INPUT DATA:
Start of Block

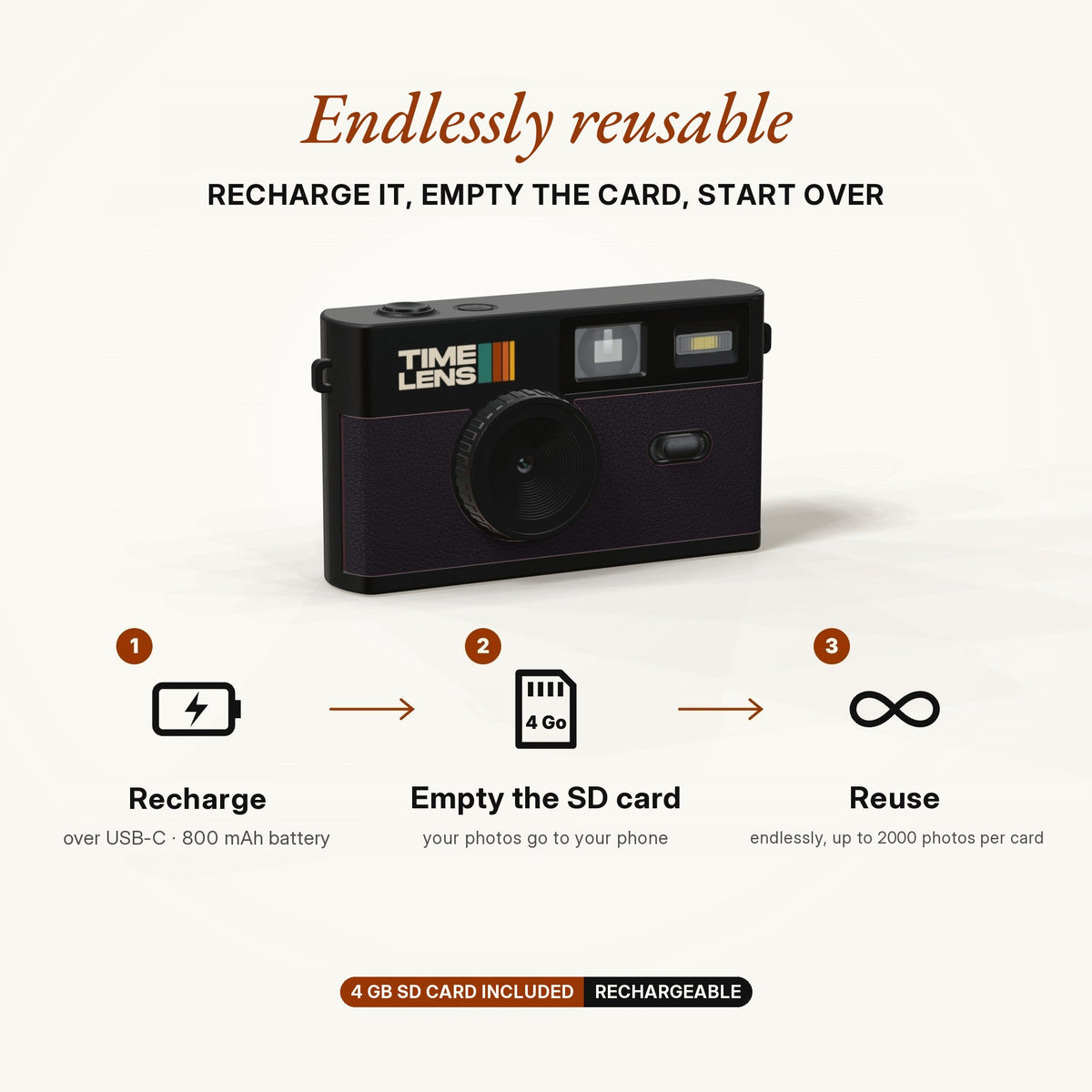 Fotocamera TimeLens® – Black Edition - TIMELENS US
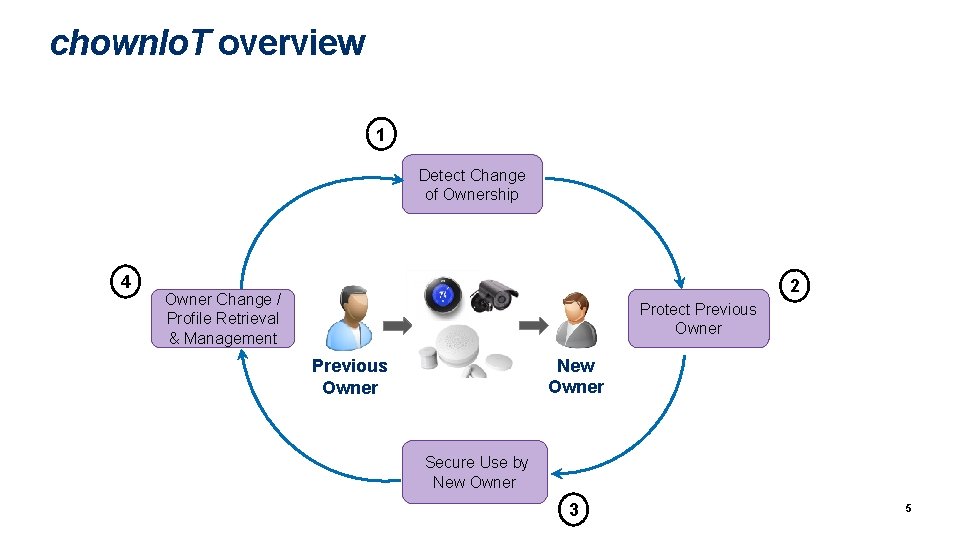 chown. Io. T overview 1 Detect Change of Ownership 4 2 Owner Change /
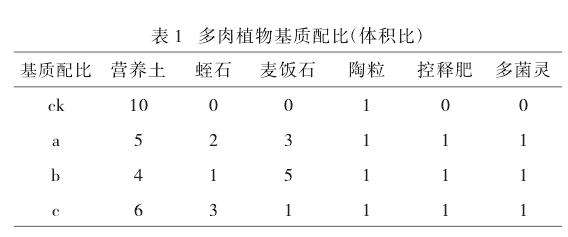 不同配比的基质对不同多肉植物生长的影响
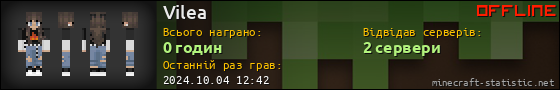 Юзербар 560x90 для Vilea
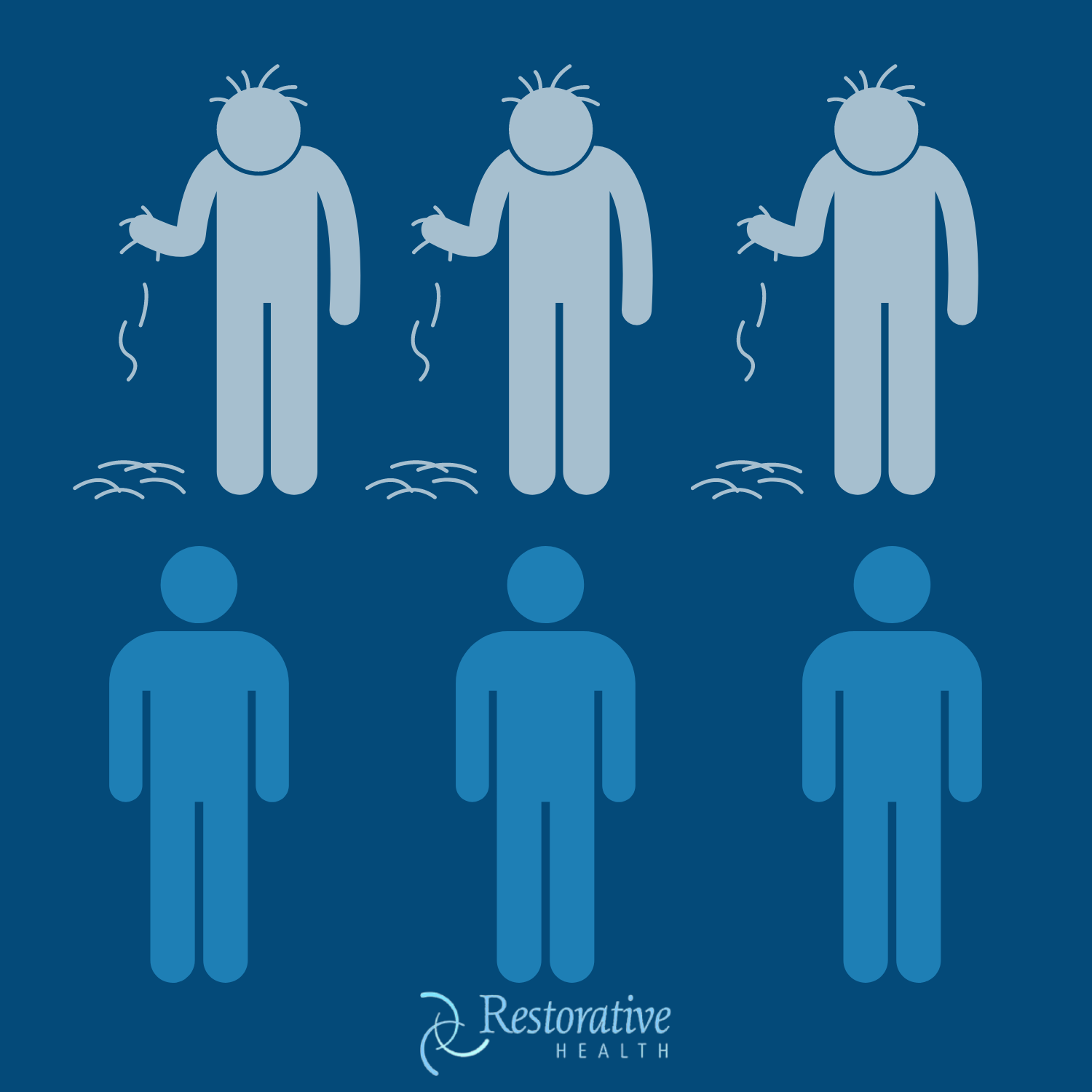 Online Hair Test Restorative Health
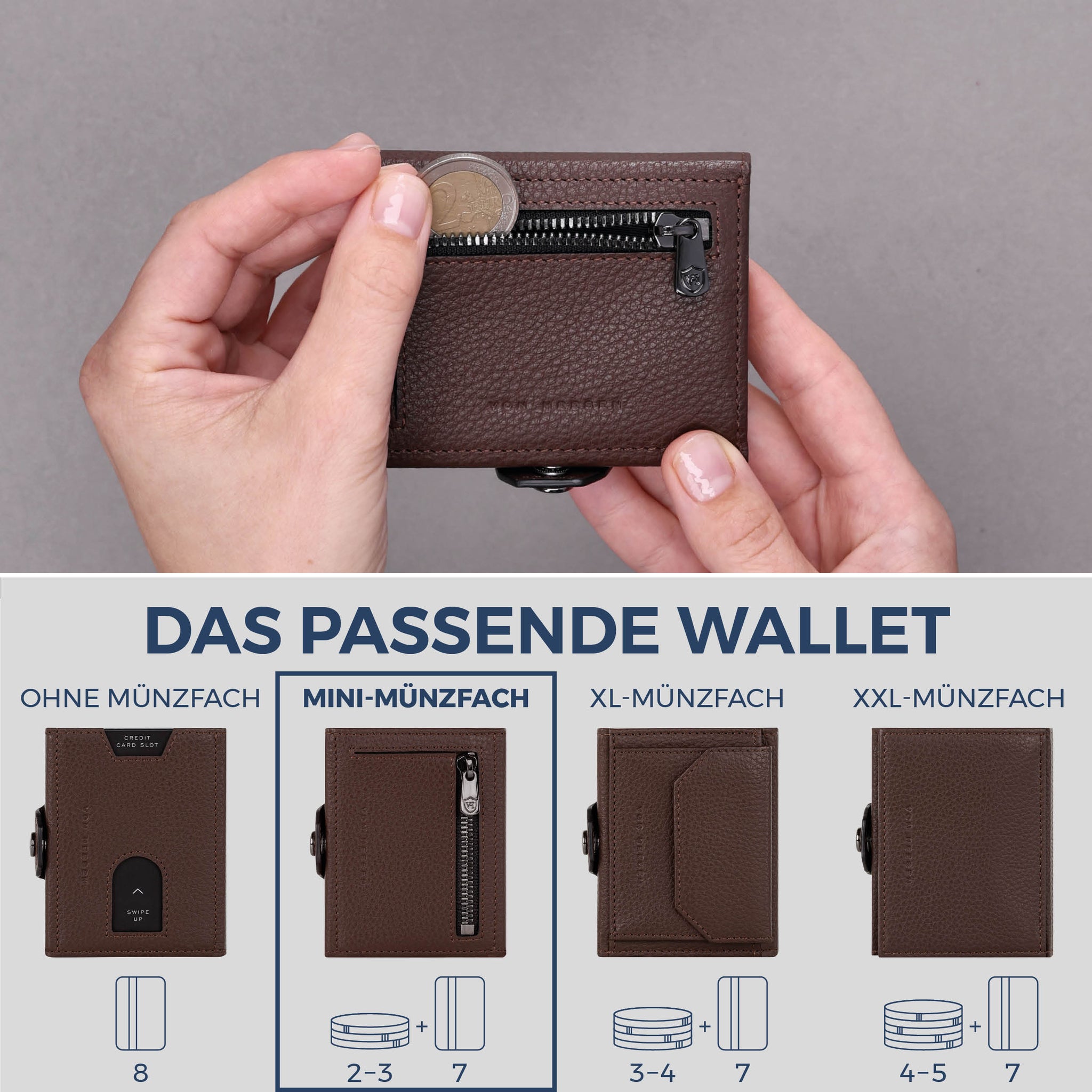 Slim Wallet mit RFID-Schutz, 7 Kartenfächer & Mini-Münzfach (Genarbt)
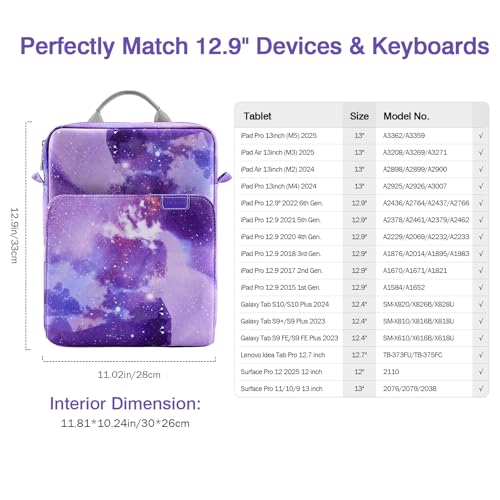 Image of MoKo 13 Inch Tablet Sleeve Bag Carrying Case with Shoulder Strap Handle | Fits iPad Pro 13-inch M5, iPad Air 13-inch M4 /M3, iPad Pro 12.9 M2 /M1 and Tab S8+ /S9+ 12.4, Purple Starry Sky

End of Block

WHAT NEEDS TO BE DONE: Skip the pictures. Please copy exactly the lines from the one with "Юзербар 560x90 для Vilea" through the final line of the material above, both ends included.

ANSWER SECTION:
 Юзербар 560x90 для Vilea
 Online Hair Test Restorative Health
 Slim Wallet mit RFID-Schutz, 7 Kartenfächer & Mini-Münzfach (Genarbt)
 Image of MoKo 13 Inch Tablet Sleeve Bag Carrying Case with Shoulder Strap Handle | Fits iPad Pro 13-inch M5, iPad Air 13-inch M4 /M3, iPad Pro 12.9 M2 /M1 and Tab S8+ /S9+ 12.4, Purple Starry Sky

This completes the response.